As I'm sure many readers know, CBA is the largest ASX bank stock in Australia. It's part of the big four bank group, which also includes Westpac Banking Corp (ASX: WBC), National Australia Bank Ltd (ASX: NAB), and ANZ Group Holdings Ltd (ASX: ANZ).
If I were approaching retirement and I were thinking about this ASX bank stock, I'd want to consider two aspects – potential capital growth and dividends. Let's start by looking at the dividends.
ASX bank stock dividends
Banks have a reputation for paying investors a rewarding dividend yield.
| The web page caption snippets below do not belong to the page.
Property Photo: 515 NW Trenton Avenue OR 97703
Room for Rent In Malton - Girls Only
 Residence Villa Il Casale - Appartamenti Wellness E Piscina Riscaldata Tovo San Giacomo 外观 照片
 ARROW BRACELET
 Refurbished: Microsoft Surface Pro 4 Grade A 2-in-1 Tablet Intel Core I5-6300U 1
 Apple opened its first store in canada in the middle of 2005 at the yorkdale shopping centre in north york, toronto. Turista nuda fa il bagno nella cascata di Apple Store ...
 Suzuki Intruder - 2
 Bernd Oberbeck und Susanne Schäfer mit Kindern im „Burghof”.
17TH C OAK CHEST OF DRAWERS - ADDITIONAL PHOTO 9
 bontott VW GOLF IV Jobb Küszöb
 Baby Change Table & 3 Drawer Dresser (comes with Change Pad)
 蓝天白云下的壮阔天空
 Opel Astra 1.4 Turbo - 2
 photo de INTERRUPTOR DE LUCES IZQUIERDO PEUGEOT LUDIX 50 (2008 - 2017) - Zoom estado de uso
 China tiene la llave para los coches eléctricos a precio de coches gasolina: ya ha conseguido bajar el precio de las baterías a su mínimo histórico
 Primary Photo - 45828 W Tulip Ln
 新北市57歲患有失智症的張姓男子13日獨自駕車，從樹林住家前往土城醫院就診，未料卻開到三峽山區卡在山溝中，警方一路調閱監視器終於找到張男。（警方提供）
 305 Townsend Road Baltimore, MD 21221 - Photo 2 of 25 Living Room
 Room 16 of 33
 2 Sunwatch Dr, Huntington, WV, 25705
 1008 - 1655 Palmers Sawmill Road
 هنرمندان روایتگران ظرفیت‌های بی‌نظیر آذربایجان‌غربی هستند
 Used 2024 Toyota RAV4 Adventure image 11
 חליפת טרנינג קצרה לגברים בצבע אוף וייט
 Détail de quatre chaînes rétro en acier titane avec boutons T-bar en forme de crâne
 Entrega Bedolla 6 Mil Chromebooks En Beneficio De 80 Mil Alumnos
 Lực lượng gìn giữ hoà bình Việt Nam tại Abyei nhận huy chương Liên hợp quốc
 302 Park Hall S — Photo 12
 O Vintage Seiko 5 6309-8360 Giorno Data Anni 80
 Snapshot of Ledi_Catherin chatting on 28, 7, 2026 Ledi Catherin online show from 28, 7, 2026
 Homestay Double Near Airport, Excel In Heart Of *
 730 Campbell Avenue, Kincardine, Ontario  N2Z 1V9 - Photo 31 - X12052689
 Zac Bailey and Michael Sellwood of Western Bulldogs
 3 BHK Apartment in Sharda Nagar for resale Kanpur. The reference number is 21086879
However, if a share price rises faster than the dividend payment, then the yield is pushed lower.
The excellent capital gains of the CBA share price in the past year have hurt the prospective yield for new investors.
Looking at the independent forecasts on Commsec, CBA is projected to pay an annual dividend per share of $4.95 in FY25 and $5.40 in FY26.
At the current CBA share price, that translates into a grossed-up (including franking credits) dividend yield of 4.6% in FY25 and 5% in FY26.
Potential CBA share price capital growth?
We've all heard the investment disclaimer – past performance is not a reliable indicator of future performance. It's not normal for the CBA share price to rise by 50% in just one year.
In fact, sometimes returns can be disappointing. For example, between 20 March 2015 and 14 February 2024, the CBA share price fell 5%. Investors may have overpaid for CBA shares in March 2015, and there could be a danger of overpaying today if the company is overvalued.
The ASX bank stock recently reported its FY25 first quarter result, which showed that the cash profit of $2.5 billion was flat year over year. On a day-weighted basis, cash profit was up 3% compared to the FY24 second-half quarterly average.
After looking at the quarterly update from CBA, broker UBS saw positive trends with an improving revenue outlook but said it's trading on an expensive valuation. On UBS' numbers, the CBA share price is trading at a price to book value of more than 3x and an FY25 price-earnings (P/E) ratio of 25x.
UBS currently has a sell rating on CBA shares, with a price target of $110. That implies the ASX bank stock could fall by close to 30%. I'd agree with UBS that while the ASX bank stock is performing well operationally, its valuation isn't appealing for retirement, particularly with the depressed dividend yield.